EXERCISE: For the records below, please print exactly and only the lines from the one with "2020 Nissan Rogue - Image 6 of 12" down to the one with "Used 2016 Ford", both ends included, omitting the pictures.

WORKING DATA:
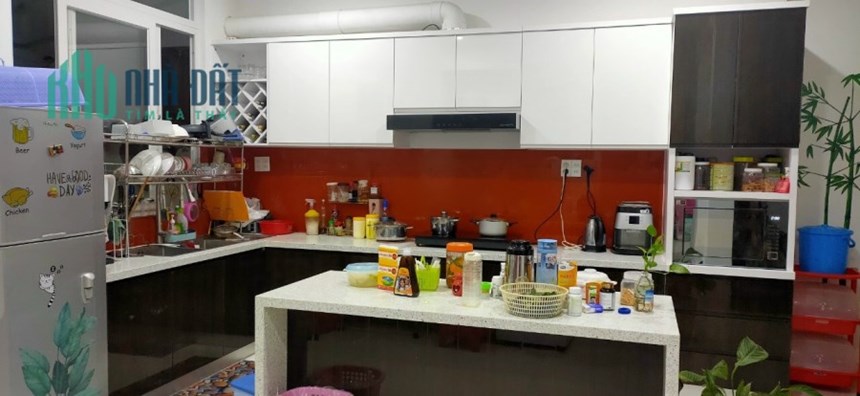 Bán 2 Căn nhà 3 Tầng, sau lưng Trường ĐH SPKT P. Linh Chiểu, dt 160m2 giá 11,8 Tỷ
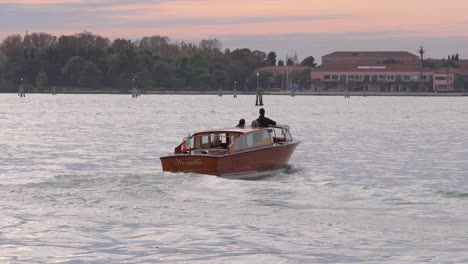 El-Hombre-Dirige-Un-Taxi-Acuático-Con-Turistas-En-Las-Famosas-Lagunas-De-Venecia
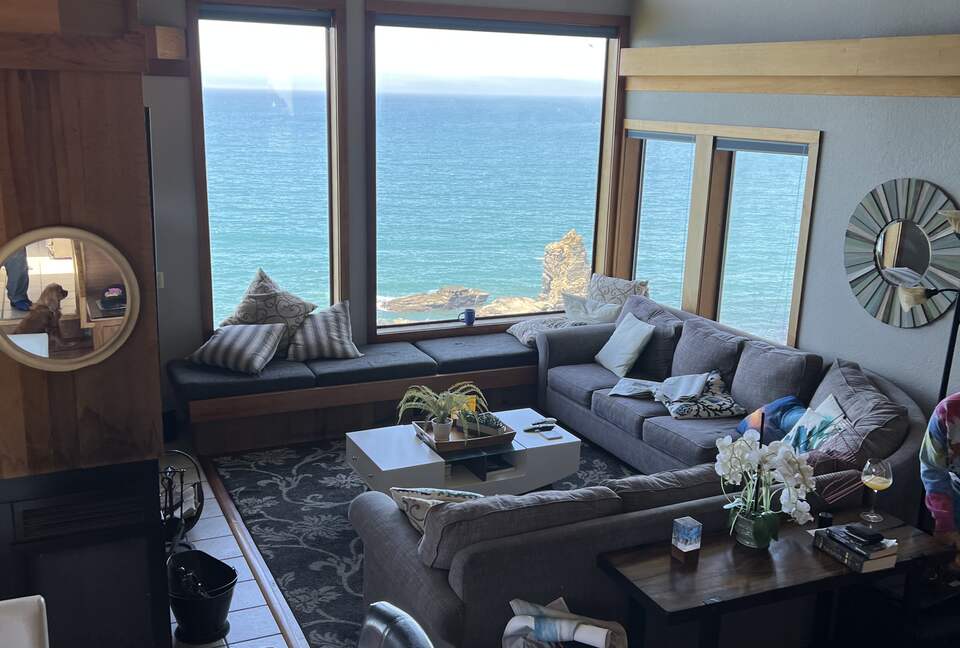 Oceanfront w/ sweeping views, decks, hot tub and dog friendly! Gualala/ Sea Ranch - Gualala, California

---

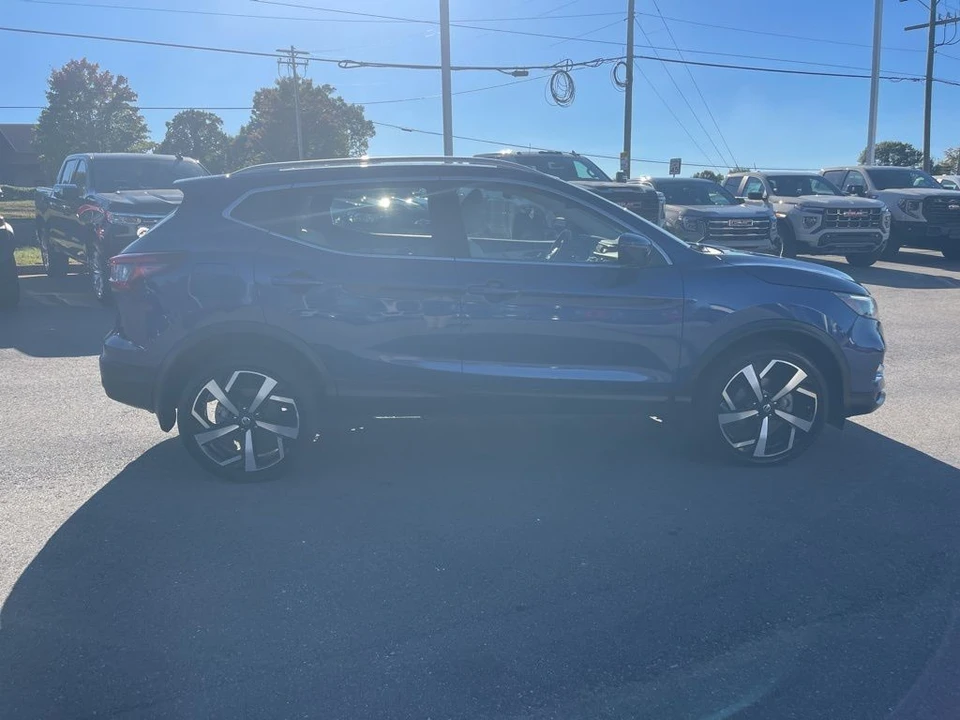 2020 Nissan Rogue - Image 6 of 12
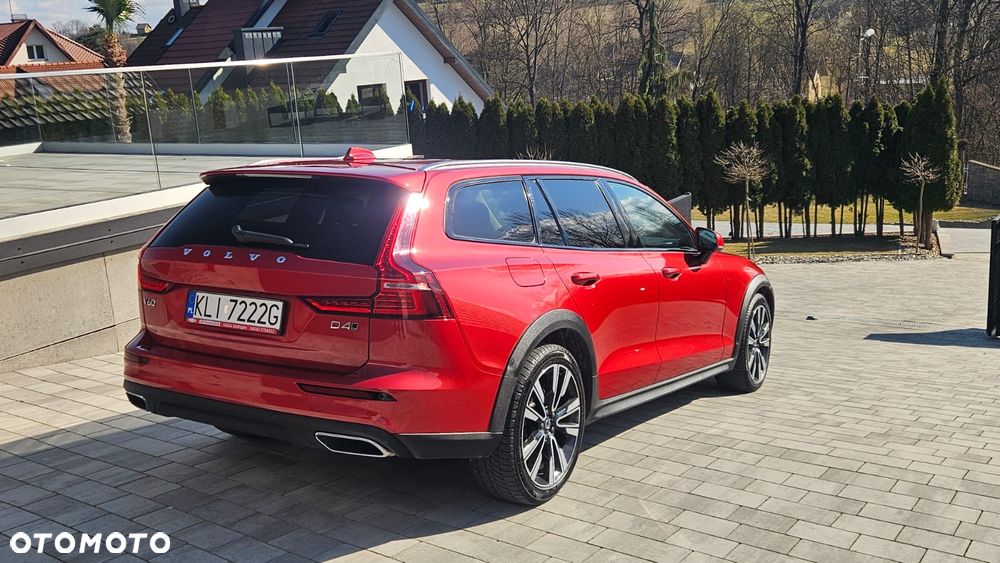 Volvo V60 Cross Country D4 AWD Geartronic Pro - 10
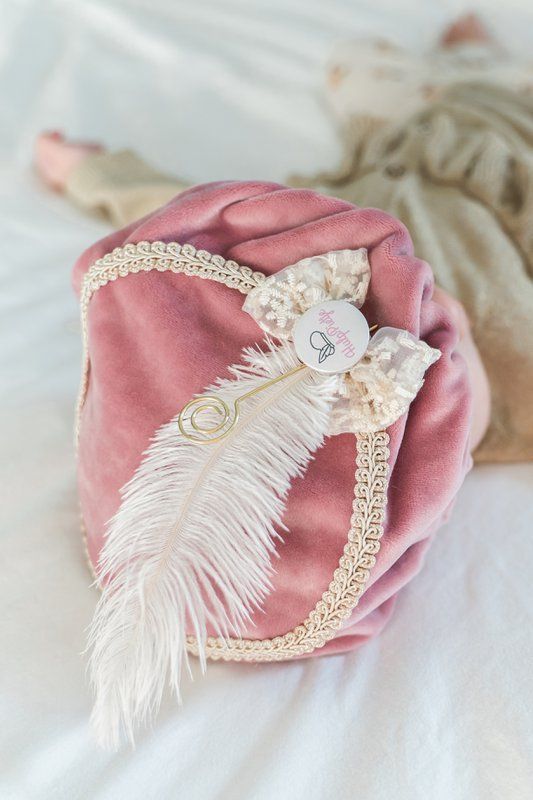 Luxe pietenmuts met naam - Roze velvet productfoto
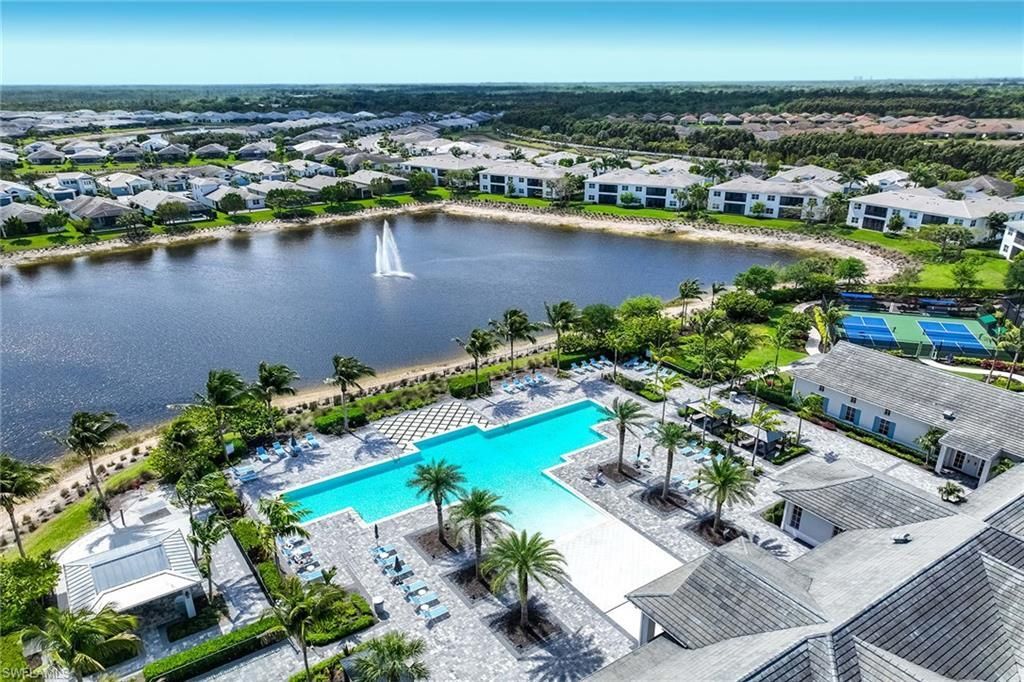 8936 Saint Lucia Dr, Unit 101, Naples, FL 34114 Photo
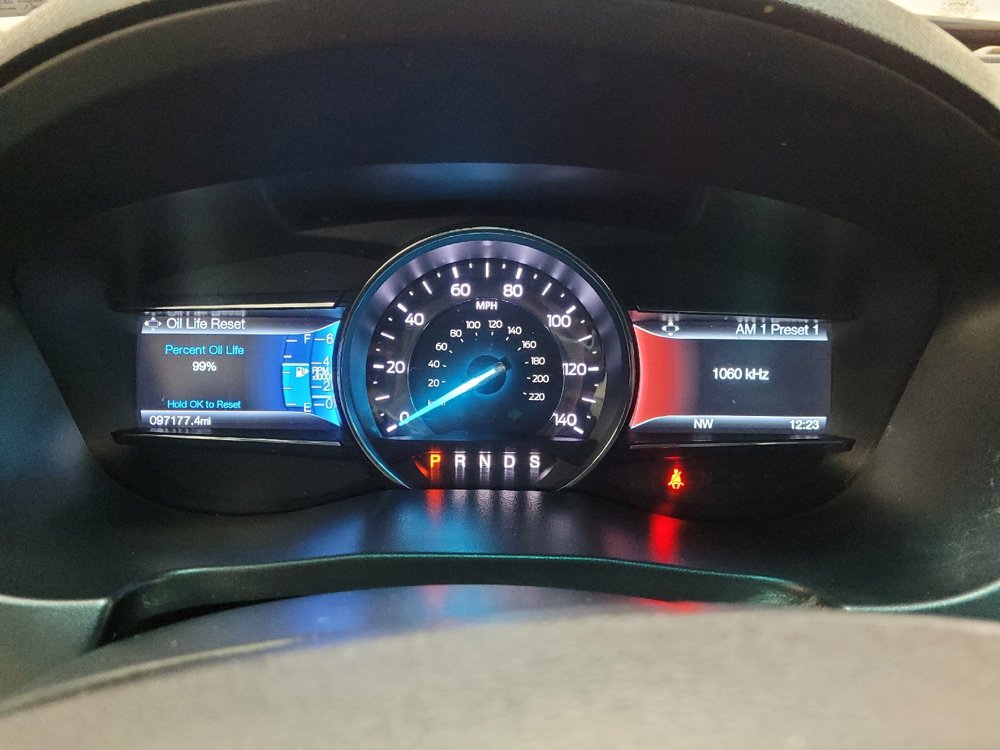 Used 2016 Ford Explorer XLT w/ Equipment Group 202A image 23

REPLY:
 2020 Nissan Rogue - Image 6 of 12
 Volvo V60 Cross Country D4 AWD Geartronic Pro - 10
 Luxe pietenmuts met naam - Roze velvet productfoto
 8936 Saint Lucia Dr, Unit 101, Naples, FL 34114 Photo
 Used 2016 Ford Explorer XLT w/ Equipment Group 202A image 23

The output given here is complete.